Stained Glass Windows
by Jim Olsen (1914-2002), adapted
UU Wausau Church Member 1949-2002
What do I experience… What do I think as I sit and gaze upon the windows above the pulpit?
That depiction of the babe, the mother, the men, the animals attending and witnessing? And what of the three men appearing on the windows above the rear balcony? Can Unitarian Universalists (Christians, humanists, atheists, and religious liberals of every sort) worship in such surroundings?
One must have a passing acquaintance with the Bible story, whether taken as fact or as a figment of the imagination of sages long ago, to find a reason for those windows. A child was certainly born on a day long ago, just as babes are coming into the world today and will be born tomorrow. In his or her mother’s arms, with family and friends surrounding, the babe ought to be welcomed into a caring place called home or church. We of this congregation, as a protective and concerned community, hold each child, our own or that of others, in a warm and tender embrace.
And those three men who dominate the rear window — regal, imperious, imposing… diverse ethnic characters: white, black, brown… what might be their thoughts as they gaze from afar across the sanctuary to that scene in the front?
They seem to express that curiosity that elders hold for every newborn whose future they watch in wonderment and hope.
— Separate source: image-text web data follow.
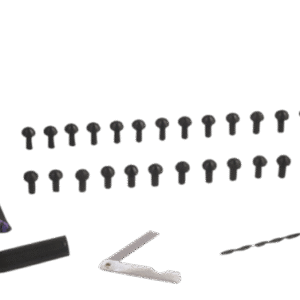 Plug Kit - Tire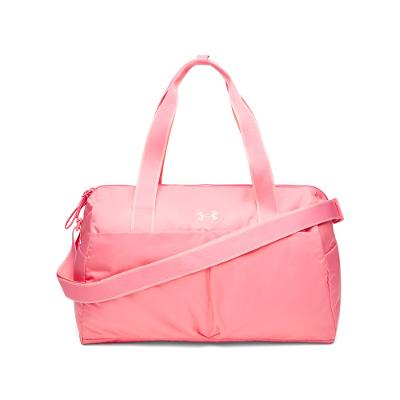 Mala Sportstyle Under Armour Studio Lite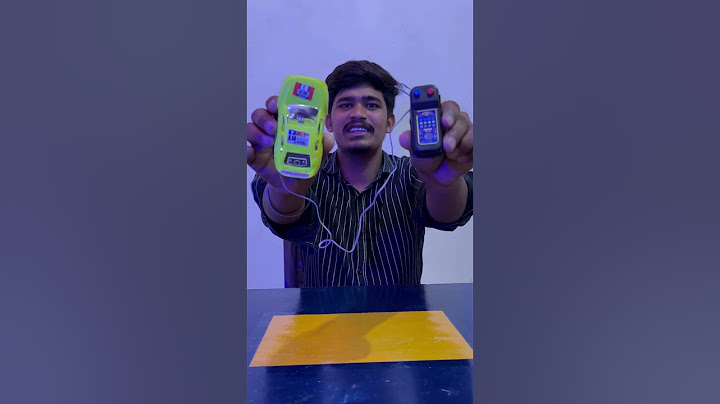 MY ₹100 CHILDHOOD RC CAR TESTING #shorts #childhoodtoys #shortsfeed #rccars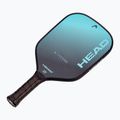 HEAD Attitude Core pickleball racket 3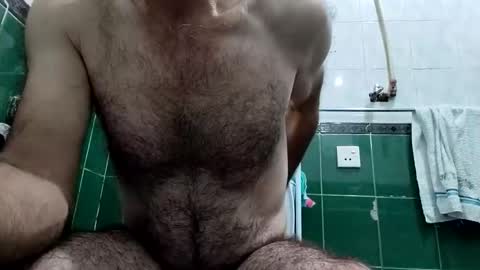 Snapshot of mamuka157 chatting on September 2025 03:30:02 AM mamuka157 online show from September 2025 03:30:02 AM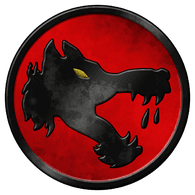 WFDN emblem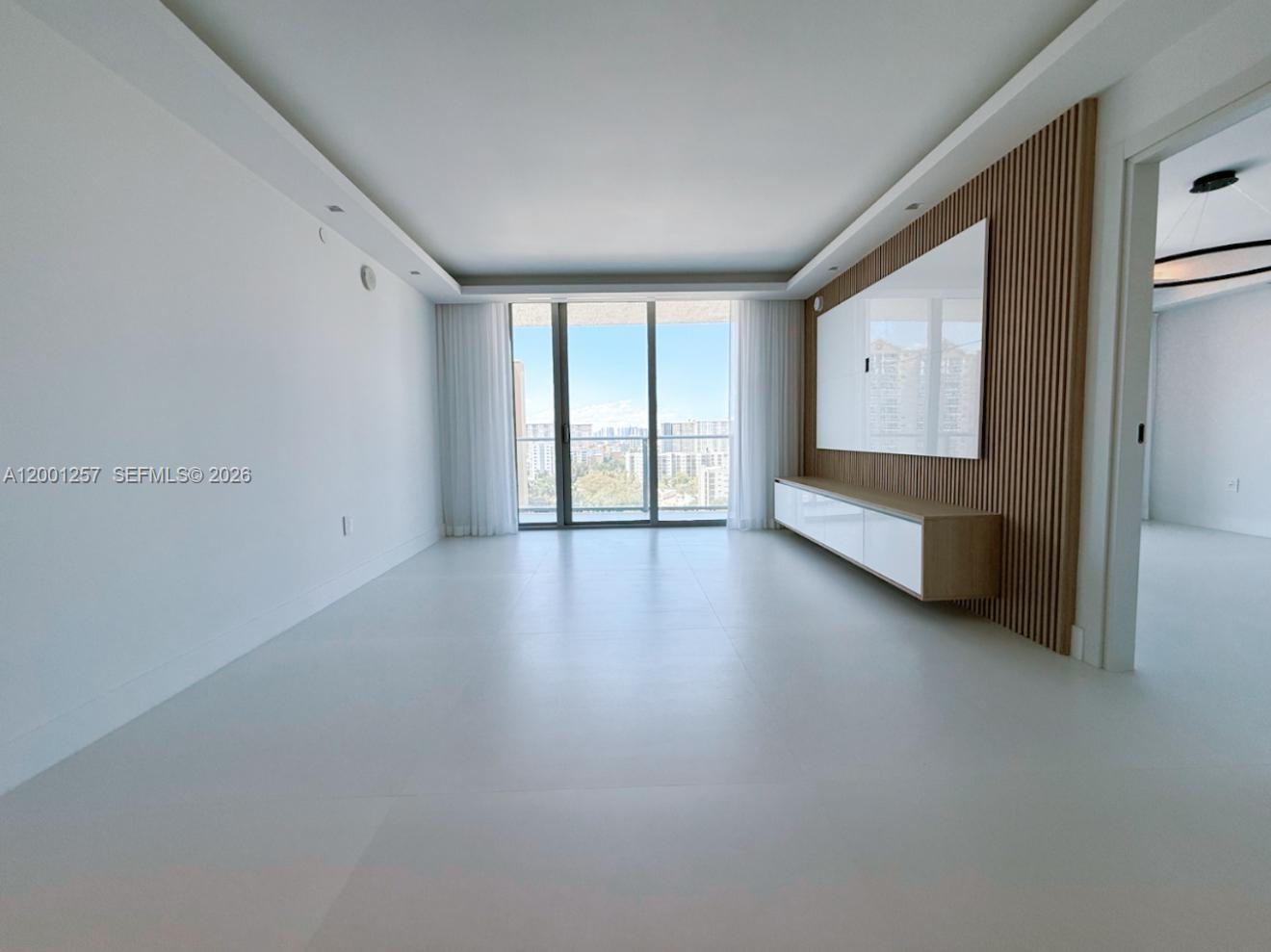 330 Sunny Isles Blvd (available 7/1/2026) #5-1405
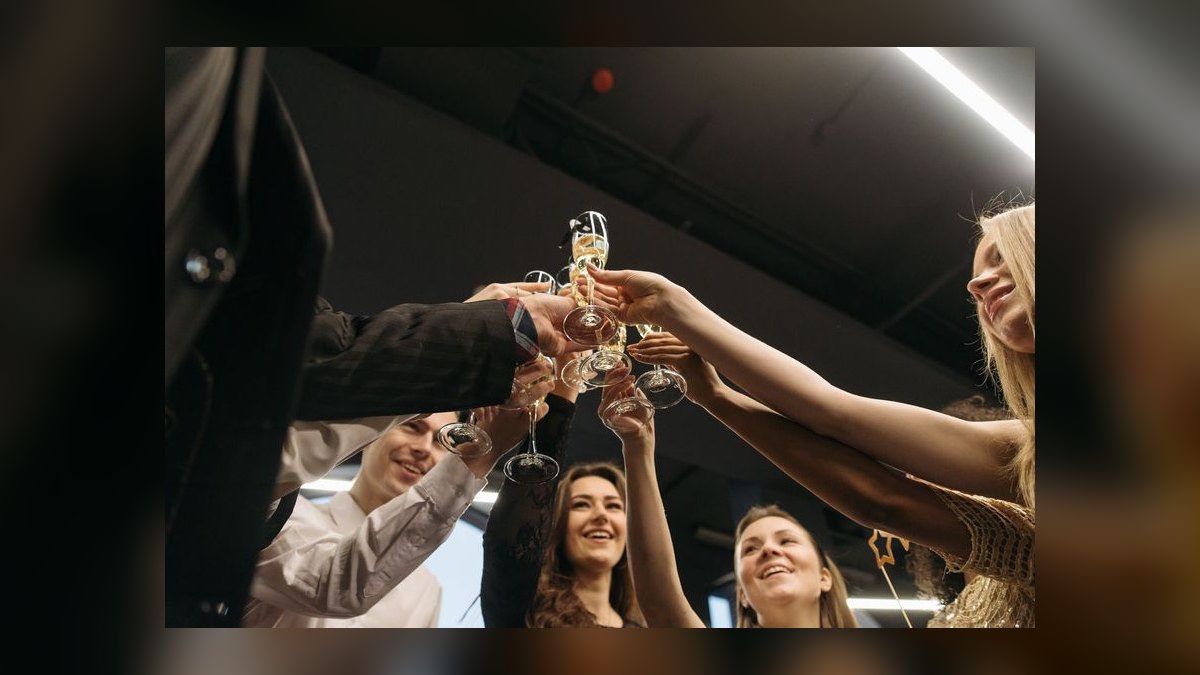 A Toast for a Bar Mitzvah — figure 10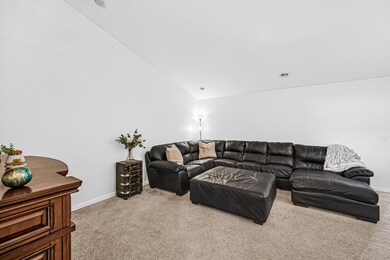 13443 Bluebird Ln, Cedar Lake, IN 46303 - photo 4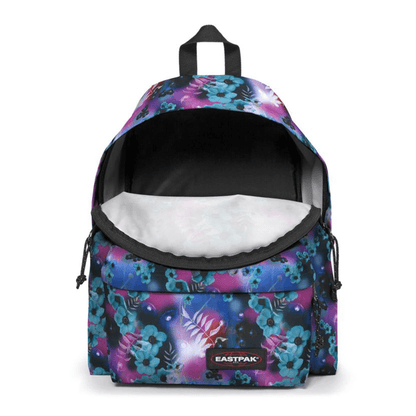 Alpha 55 Sac à dos Eastpak Padded Pak'R Dreamflow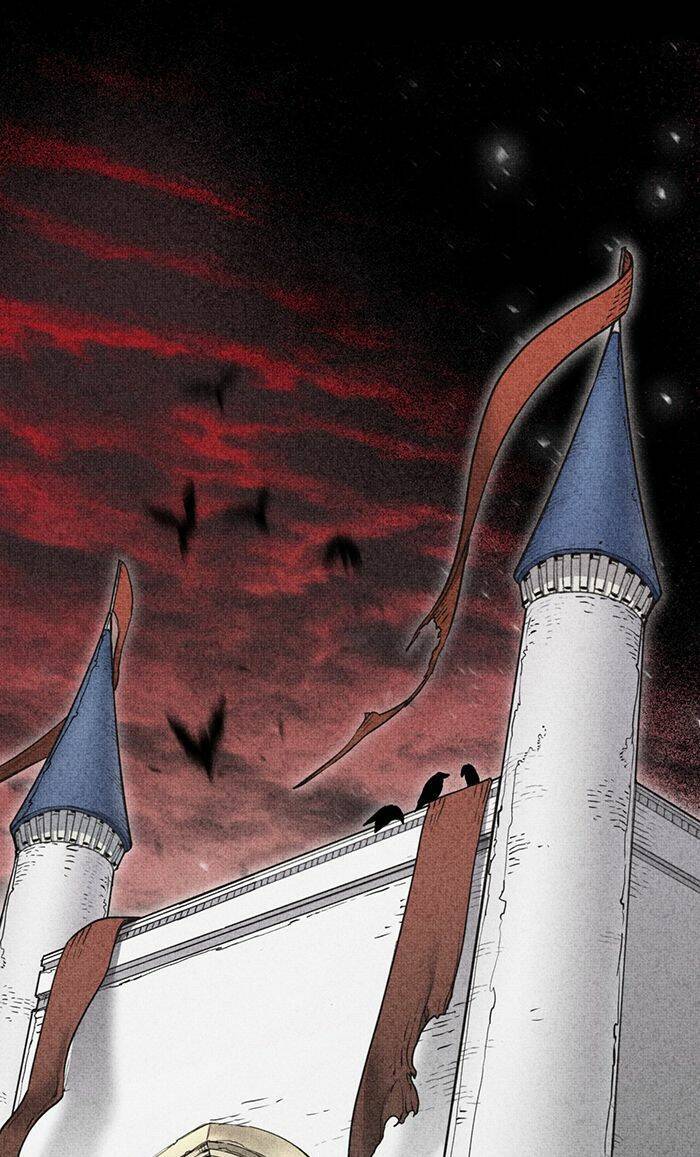 Ác Quỷ Chapter 113 - 23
One sect cannot claim the images on these windows but are timeless in symbolizing the depth of the human experience.
And as those three kings might march down these aisles toward the window in the north, they would pass between rows of windows honoring early members of this church, but more symbolically, perhaps, representing a community of believers who would watch in awe and gladness the spectacle of the exemplars of power, bowing in reverence at the sight of a new life coming into the world.